The price they quoted you is probably for a 7.5 mil film. I would recommend either the 22.5 or 32.5 mil films as they will be more durable and give you more for your money.

I personally sandblast my logo into my hive bodies.


----------



## clintonbemrose (Oct 23, 2001)

I brand all of my boxes with a logo of the business registered when I incorporated as a small business.
Last year I had a client try to claim the hives were his. The only thing that saved me the hives were that they were branded this way and could not be changed easily.
This got me back the hives and saved me the court costs and made him pay my legal fees because he lied to the court.
Clint

------------------
Clinton Bemrose
just South of Lansing Michigan
Beekeeping sence 1964


----------



## loggermike (Jul 23, 2000)

Bills right.I bought the portapro with interchangeable letters from Brand New.It doesnt get hot enough to burn a deep clean brand.This company apparently doesnt know what a good brand should look like!


----------



## SippyBees (Feb 17, 2004)

HEY... The BEST thing to do is paint them "camoflage" color.... then they will blend in with nature and noone can find them!! And just so the owner can find them he can attach a homing beacon and track them with a receiver.... or store GPS locations in a receiver so you can backtrack back to your hives..... Wait,.. what about invisible paint?? 
Ehhh.... I guess it's just an idea anyway..
: ))
SippyBee


----------



## magnet-man (Jul 10, 2004)

If you have a router, you can make a template out of mdf and just route you name or initials into the side of the hive. Not as quick as branding but cheap if you already own a router


----------



## dickm (May 19, 2002)

All of these ideas are good. I bought a stainless steel fork at a tag sale. The kind with a wooden handle. So far 3 tines ='03, four tines =04 and I bent one tine in a circle to ='05. I brand the frames as I build them. All this with a blow torch.

dickm


----------



## TwT (Aug 5, 2004)

i bought a childs wood burning kit from walmart for about $15 and just burn my intials in the inside and out side.


----------



## Guest (Dec 12, 2004)

Thanks to all for the helpful feedback. I iamgine I will try several of the suggesstions that were made. In the meantime I have moved the hives to another property...a little less remote...where the neighbors know me and know who owns the hives. Again..thanks everybody!
Barry
Indianapolis


----------



## Dick Allen (Sep 4, 2004)

Maybe you could have a branding iron made with the words: 'WARNING: KILLER BEES INSIDE!"


----------



## Michael Bush (Aug 2, 2002)

'WARNING: KILLER BEES INSIDE!"

That could backfire.
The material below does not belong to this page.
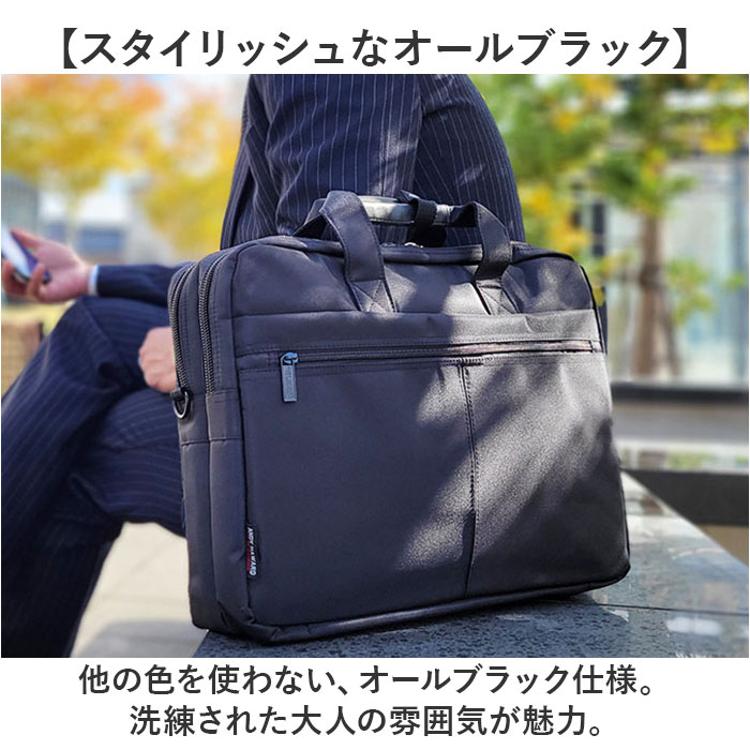 ANDY HAWARD ビジネスバッグ 26525 通販 ビジネスバック ビジネス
How about "Beware of Bees"


----------



## JohnBeeMan (Feb 24, 2004)

..How about "Beware of Bees"

How about "Beware of 16 gauge shotgun" loaded with rock salt. 

I think someone messing with my bees would bother me more than their doys bothering my chickens!!
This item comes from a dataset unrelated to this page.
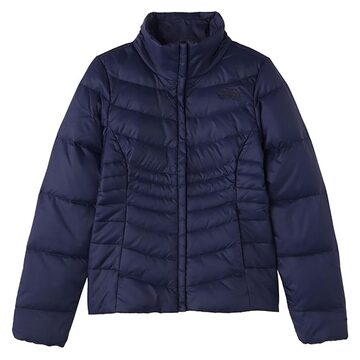 POLO Ralph Lauren ポロ ラルフローレン リバーシブル ダウン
And where are the cops and DAs when you need them?


----------



## Guest (Dec 13, 2004)

Yeah....I thought about posting the "killer bee" warning sign. I laughed a bit, then got to thinking that it might cause some un-necessary trouble. Then I thought that maybe if there actually "were" africanized bee's, then that might might prove to be amusing for me in the case of another attempted theft!


----------



## watermotor (Nov 12, 2004)

Hive theft is a major obstacle to beekeeping here in Bolivia. 
What about a metal strap coming through a slot in the bottom of the hive with a pin or lock inside that can only be removed if the frames or top bars ( and bees ) are removed first? 
The strap would be set in cement or attached to a pipe or rod driven into the earth.

Ron Davis, www.watermotor.net


----------



## Michael Bush (Aug 2, 2002)

I suppose if you had a top bar hive with the screws that hold the bottom on coming up from the bottom and some bolts in concrete holding the hive to the ground, it would be difficult to steal the whole hive. But anyone brave enough to try to steal a hive still might steal the honey or even the bees, don't you think? I suppose you could have a chain that holds on the lid too.


----------



## Hayseed (Apr 25, 2004)

Razor blades imbedded in the hand holds make it easy to trail the perps.
(I know - that's not nice, but neither is stealing)

Hayseed


----------



## GaSteve (Apr 28, 2004)

Most of my stuff is branded (including frame topbars). The problem is that it's branded with everybody's name but mine -- from getting used equipment from different folks. I just hope no one named Barnes or Adams or Ellis comes to claim the stuff belongs to them.


----------



## iddee (Jun 21, 2005)

Forget signs for the bees. Just put up signs saying "Rattlesnake refuge, do not harm rattlesnakes", that will deter most theives and other trespassers.


----------



## Sundance (Sep 9, 2004)

Next spring I will be adding my bees under the farm policy. They will be covered against theft, loss due to natural disaster like wind/lightening, and vandalism.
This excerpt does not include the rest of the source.